Scribe rates of 1 or more, or 5 or more, or 10 or more
meters/second can also be used. The grooves or scribes in the back
contact metal preferably are about 10 micrometers to about 150
micrometers wide, preferably from about 40 micrometers to about 80
micrometers wide and are preferably parallel to and suitably
spaced, suitably about 25 micrometers to about 100 micrometers,
preferably from about 40 micrometers to about 80 micrometers from
the strips or scribes in the amorphous silicon semiconductor
layers.
[0044] The ablation of the semiconductor material to form the
scribes or grooves in the metal contact layer is believed to
produce particulates, for example, particulate silicon from the
ablation of amorphous silicon, which structurally weaken and burst
through the portions of metal film overlying the ablated
semiconductor material to form the grooves or scribes that separate
the metal film into a plurality of back electrodes. Such scribes
are preferably substantially continuous. The exact laser parameters
required to produce such continuous scribes in the metal film will,
of course, depend on a number of factors, such as the thickness and
material of the metal film, the characteristic wavelength of the
laser selected, the power density of the laser, the pulse
repetition rate and pulse duration of the laser, and the scribing
feed rate. After the removal of the back contact, particularly
after using the laser method, the photovoltaic cell is preferably
cleaned, preferably using an ultrasonic bath. The cleaning process
removes dust particles and melted materials along the edges of the
scribe patterns thereby reducing shunting.
[0045] Methods for removing the back contact layer using a laser
process are described in U.S. patent application Ser. No.

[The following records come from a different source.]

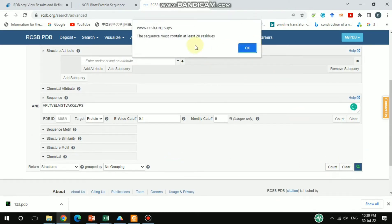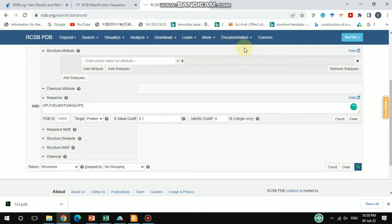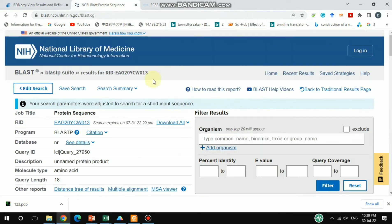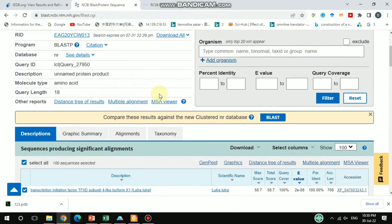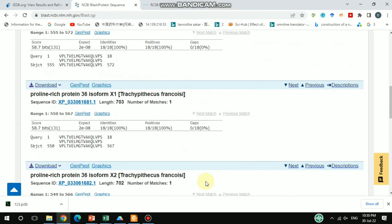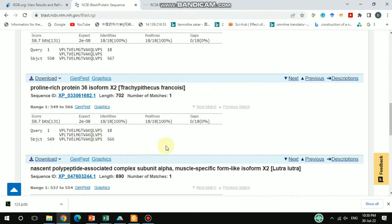It's showing that you need at least 20 residues to search — no problem, just add some more amino acids. The additional amino acids won't affect the match. Adding P, L, M — that's okay. The result has already appeared here, showing the alignment, and if you go further these are all the different sequences that match this short sequence.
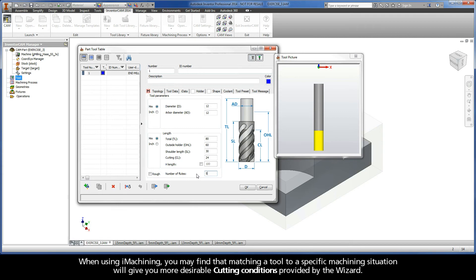When using iMachining, you may find that matching a tool to a specific machining situation will give you more desirable cutting conditions provided by the wizard.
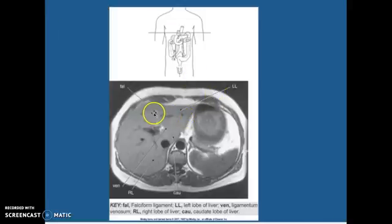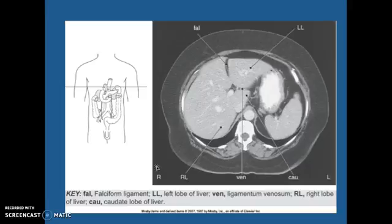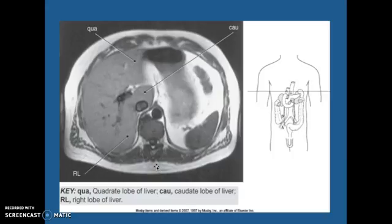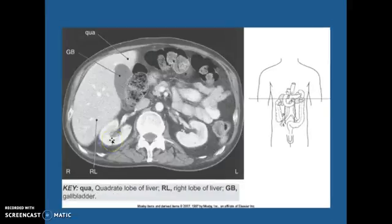Left lobe, falciform ligament. Here's your caudate lobe right there, and this is your right lobe of your liver. A little bit different of a slice compared to the others. Here's your caudate lobe, your quadrate lobe, and your right lobe. Quadrate lobe here. Here's your gallbladder and your right lobe.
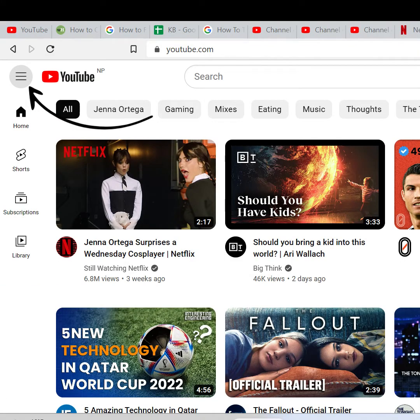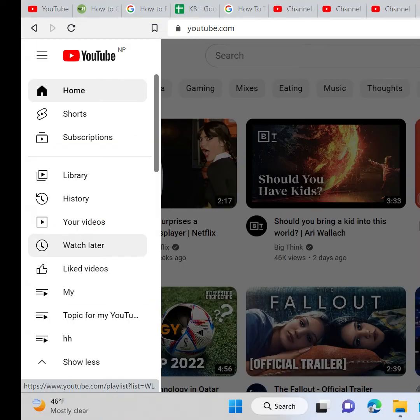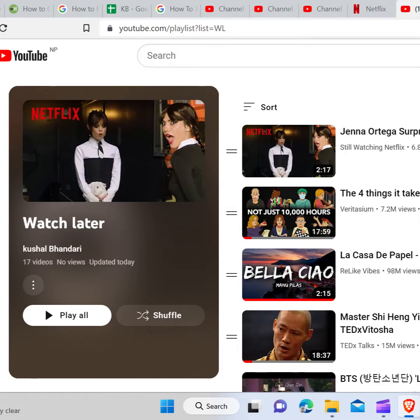To see all your saved Watch Later videos, click on the three rows icon and click on Watch Later. As you can see, here are every video you have saved to Watch Later. Watch these saved videos whenever you are free.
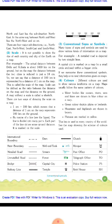A map without a scale is called a sketch. There are two ways of showing the scale on a map.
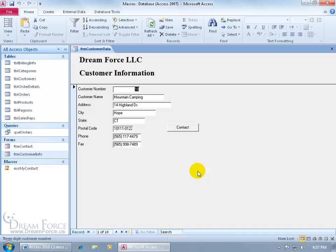The Automate macro is a macro you can assign to a field that will check that field for a value and automatically update the value in another field based upon that value in the first field.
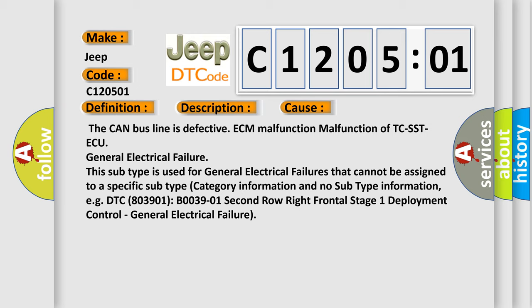This subtype is used for general electrical failures that cannot be assigned to a specific subtype, category information and no subtype information. For example, DTC B00390-1, B0039-01 Second row right frontal stage 1 deployment control General electrical failure.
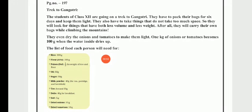So they will look for things that have both less volume and less weight. They will pack their bags while climbing the mountains, as they will carry their own bags. They even dry the onions and tomatoes to make them light.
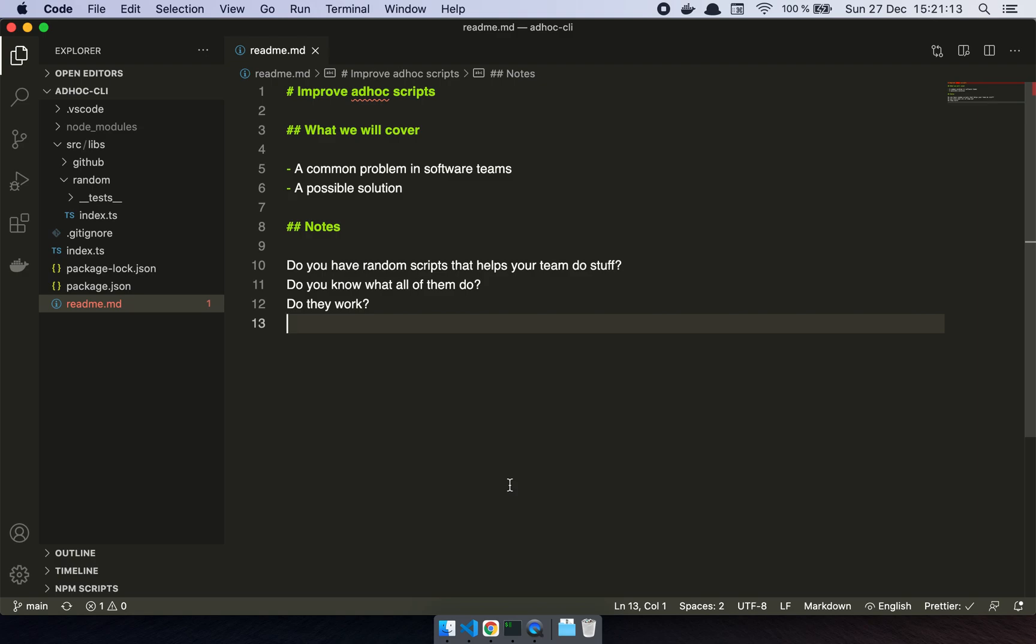So in this video we're going to talk about something near and dear to my heart, and that is ad hoc scripts. So let's get into it.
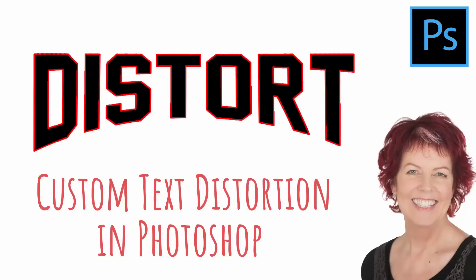Hello and welcome to this video tutorial. Today we're looking at creating custom warps in Photoshop.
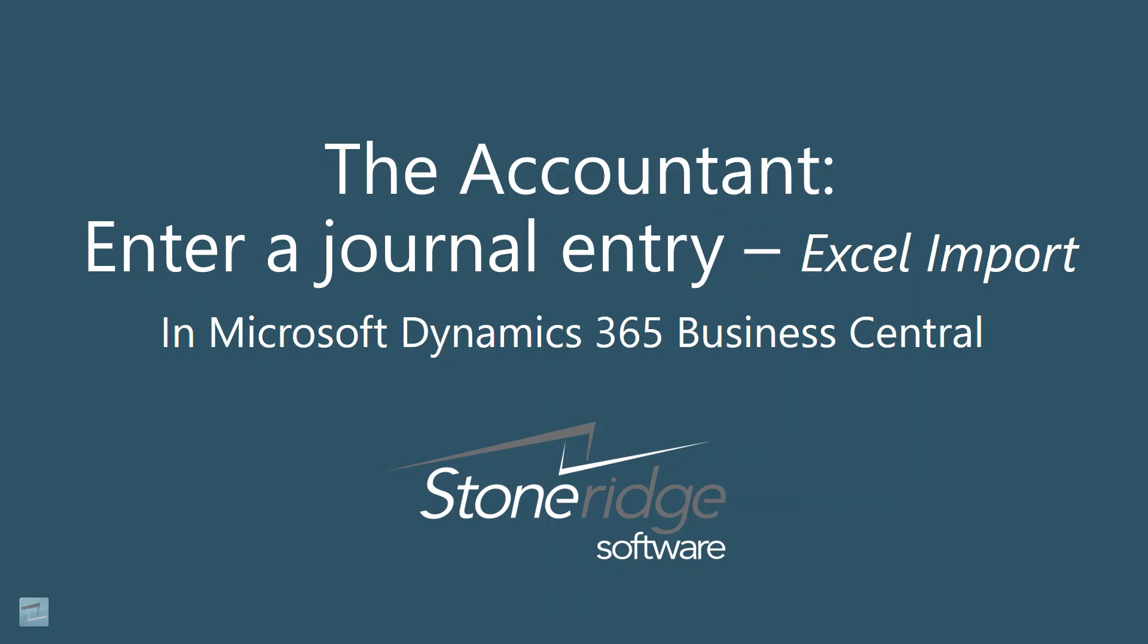Today, we will demonstrate the ability to import multiple transactions using the Edit in Excel feature.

09/891/752 and PCT/US 01/20398 which are incorporated herein by
reference in their entirety. In addition to disclosing the method
of forming the laser scribes in the back contact, they also
describe the dimensions of the laser scribes. They also describe a
method for forming in the back contact a series of scribes that
impart partial transparency to the photovoltaic device or imparting
designs. Such laser scribing methods described therein can also be
use in the continuous or semi-continuous process of this
invention.
[0046] The process of this invention is preferably carried out in
the continuous mode. In that mode, the substrate, preferably a flat
glass substrate and preferably a low iron glass, is moved or
carried along (the substrate positioned vertically, near
vertically, or horizontally) a conveying system, for example
rollers, through a series of deposition chambers where the various
layers of the photovoltaic device as described above are deposited
on the substrate. In order to enhance the speed of the process the
substrate is moved through the different deposition steps at the
same or about the same temperatures and preferably at the same or
about the same pressures. For example, each deposition or laser
scribing step is, in relation to its adjacent deposition or laser
scribing step, at a temperature of .+-.2 to 25.degree. C., or .+-.2
to 10.degree. C., or .+-.1-5.degree. C. and at a pressure of .+-.20
Torr or .+-.10 Torr or .+-.5 Torr compared to its adjacent
deposition or scribing step. This is particularly preferable with
respect to the deposition step for the CTO front contact layer,
scribing of the front contact layer, deposition of the amorphous
silicon layer, scribing of the amorphous silicon layer and, if
used, second CTO layer for the back contact. In this manner it is
not necessary to repeatedly cool and then reheat the substrate
which would be time consuming and energy inefficient. In addition,
in the continuous process of this invention the scribing steps to
scribe the front contact and the amorphous layers, which are
preferably accomplished by laser scribing, are also accomplished
while the substrate and the conductive and semiconductor layer
deposited thereon are at an elevated temperature and at the reduced
pressures preferably used for the deposition procedures as
described above.
[0047] For example, the zinc oxide deposition of the front contact,
laser scribe of the front contact, deposition of the p, i and n
amorphous silicon layers, laser scribe of the amorphous silicon
layers, and zinc oxide deposition of the first layer of the back
contact can occur at a temperature of about 180 to about
200.degree. C. and at a pressure in the range of about 0.1 to about
2 Torr. The deposition of an aluminum back contact layer can occur
at a temperature of about 150.degree. C. but at a pressure of about
0.002 to 0.01 Torr. Thus, all the deposition steps and the laser
scribing steps that take place between the deposition steps all
occur at an elevated temperature within a certain range and all
occur at a reduced pressure thereby eliminating the need for
rapidly cooling or rapidly reheating the substrate.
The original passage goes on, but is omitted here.